Vegetation plays a significant role in determining the local and regional hydrology of ice-free continental surfaces and the dynamics of the atmosphere above it. Vegetation also influences the global climate directly by affecting atmospheric chemistry. In particular, it partially controls the carbon cycle. In turn, vegetation is influenced by climate and changes in the ambient concentration of CO2. This may have important consequences for agriculture and natural resource exploitation. A formal recognition of atmosphere/biosphere interrelationships is crucial but insufficient. Systematic investigations of the interactions between climate, plant physiology and ecology are badly needed. In this spirit, this paper presents the results of numerical simulations performed with the Energy, water and momentum eXchange, and Ecological dynamics (EXE) model at a local scale over periods of 400-800 (simulation) years. EXE constitutes a first attempt to couple a physiologically based water budget and an explicit treatment of ecological dynamics.
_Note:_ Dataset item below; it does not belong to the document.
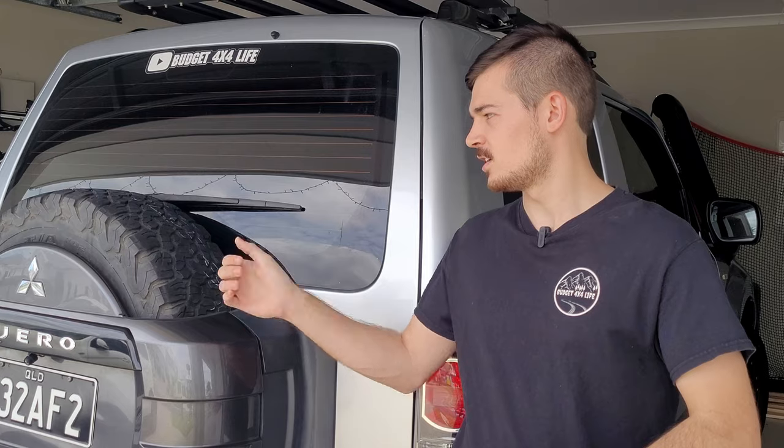Hey guys, welcome to the very first Top Tip Tuesday video. Every Tuesday I'll be releasing a hot tip video — basically a hack of your Pajero that you might not know of. These videos will be nice and short, just to show you how to do things to your Pajero. Today, let's get to the spare tire at the back and how to access it.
In principle, EXE could be forced by the output of an atmospheric general circulation model (GCM). Within this context, the paper demonstrates through the examples it analyses that both potential stomata1 response to CO2 and the possible range of changes in atmospheric relative humidity are likely major factors in determining the ecosystem response to greenhouse warming. Consequently, they should be considered in future studies of this kind. The paper also provides explanations regarding the movement of ecotones, defined as the transition zones between different vegetation assemblages. Taking the North American forest/prairie boundary as a case study, the analysis of the results shows how, in a greenhouse warmed world, St Paul, MN, might look like North Platte, NE. Finally, building on the previous example by using two different models, this study illustrates that results can be strongly model dependent and encourages extreme caution in their interpretation.